I see you started contributing from near the beginning, there are quite a few posts which discuss optimising basic playback performance. I'm not sure exactly how familiar you are with Mac audio and all the posts in this thread. So at the risk of condescension,
I guess you know that a compact Mac plays a single 370b, 8-bit sampled audio buffer from a fixed location in RAM relative to the video frame buffer, on every frame, which you can hook with a VBL (Vertical Blanking Line) interrupt.
So, the technique here was to generate one frame's worth of audio in a separate buffer and then copy it to the hardware buffer at the beginning of the next VBL, then while it's being played by the audio we have time to generate the next frame.
For example:
The replay routine itself is the WizzCat routine as discussed at
https://www.atari-forum.com/viewtopic.php?t=43127 I did not touch the MOD decoder/parser itself. It's my understanding that it's a full MOD decoder supporting the typical four channels and all the basic effects required for MOD playback. Some effects may actually be part of the included samples. I am no MOD expert.
OK, so I've just been looking at your VBL routine. Excellent use of movep, I wouldn't have thought of that, but it's great for writing into every other byte. I still think a few improvements can be...
Discusses how quickly we can do this, a routine taking 0.629ms (7.5MHz) or 0.726ms (effective 6.5MHz). At 60.15Hz, we have 16.63ms per frame, so that's about 3.78% of CPU gone for this.
This post discusses a central loop for audio generation, 2 tracks at a time:
The ultimate reference is the ProTracker 68000 source, because there's a fair amount of corner-case behavior that certain MODs rely on. But that's only correct for newer MODs that were made on ProTracker rather than SoundTracker.
There's a famous (and very good) MOD called "Klisje Paa Klisje" that sets a tempo of 0x20 at one point. In SoundTracker, that just meant "update every 32 timer ticks", but in ProTracker that means "set timer to 32 BPM" which is quite different.
[ and
@MIST ]. I've been looking at the assembler code a bit more, to turn this MOD player into a proper...
It would take up 4461806.7cycles/second, about 69% of CPU at an effective 6.5MHz. This, I think is enough to be fairly sure you can do it on a Mac Plus.
Much of your comments revolve around getting rid of the simulated 50Hz scheduling period and just working with the true sample rate and Mac VBL frequencies. I agree, since making them conform complicated audio generation, which means it made it less efficient.

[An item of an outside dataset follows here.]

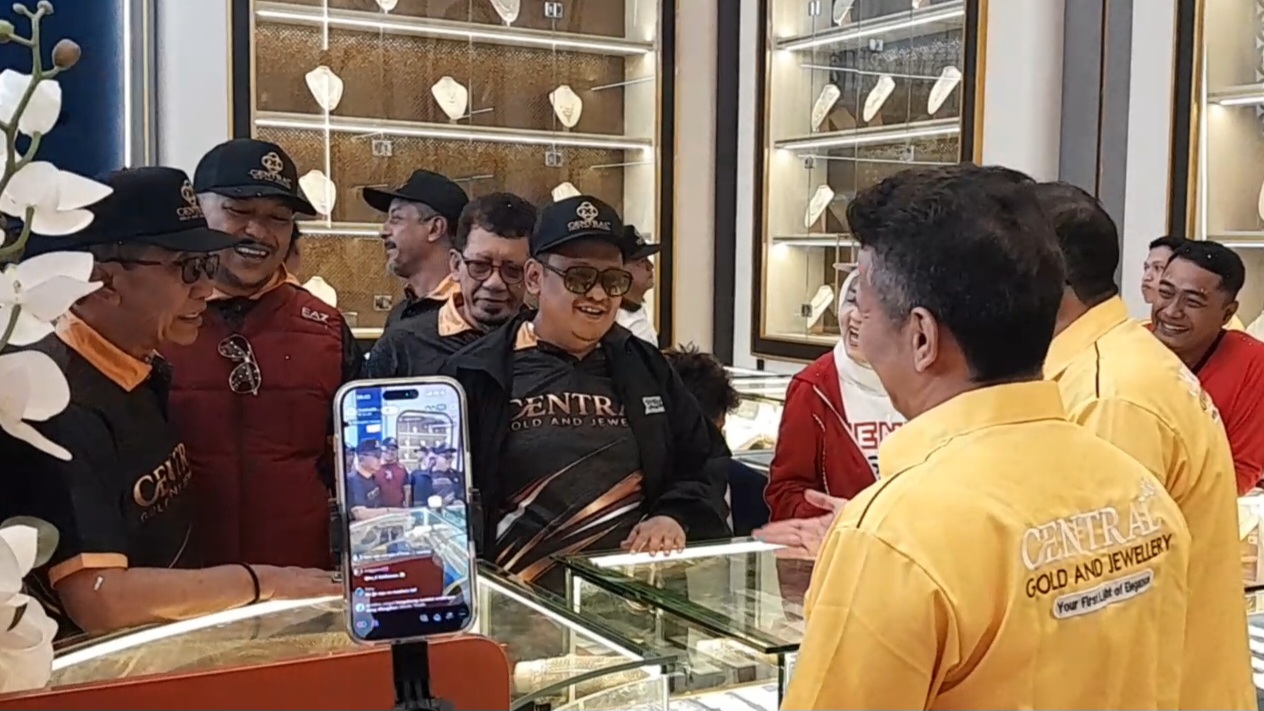 Dukung Misi Sosial Central 88 Gold Jewellery, Haji Her Beli Perdana 2 Kilogram Emas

One of my discussion points early on (i.e. my first comment above) is that sample generation doesn't really have to take place at the beginning of the hardware buffer, because firstly, from a user's viewpoint, we just hear a continual stream of samples: if the audio generation wrote from sample 185 (the middle) of the HW buffer to the end and back to the beginning, then to sample 184 it would sound the same
if you could be sure that the audio generation never overtook the hardware playback. And this has the advantage of giving the audio software a bit more latency, but also frees up that 0.629ms from having to copy from your generated audio buffer to the hardware buffer.
e.g Let's say audio generation takes 65% of CPU and we start writing audio at sample 185, while the HW is at sample 0. When we've done sample 369 (the last one, counting from 0), the HW is at (370-185)*0.65=Sample 120. We start back at sample 0 at this point, but the HW is ahead, so we're not overwriting it. When we've done the next 120 samples, the HW has done another 120*.65=78, so it's at sample 198, 13 samples into the audio we've just been generating. We have another 185-120=65 samples to do and when we have finished, we've written sample 184 and the HW is at sample 240 or 241.
We now have some time to calculate playback and effect and when we leave the VBL, handle some UI (slowly). On the next VBL interrupt, again we start generating samples and writing them from hw buffer sample 185.
This is just an example assuming 65% of CPU. If we were much faster than that, we'd overtake the hw playback, so we'd have to start at an earlier sample to prevent that.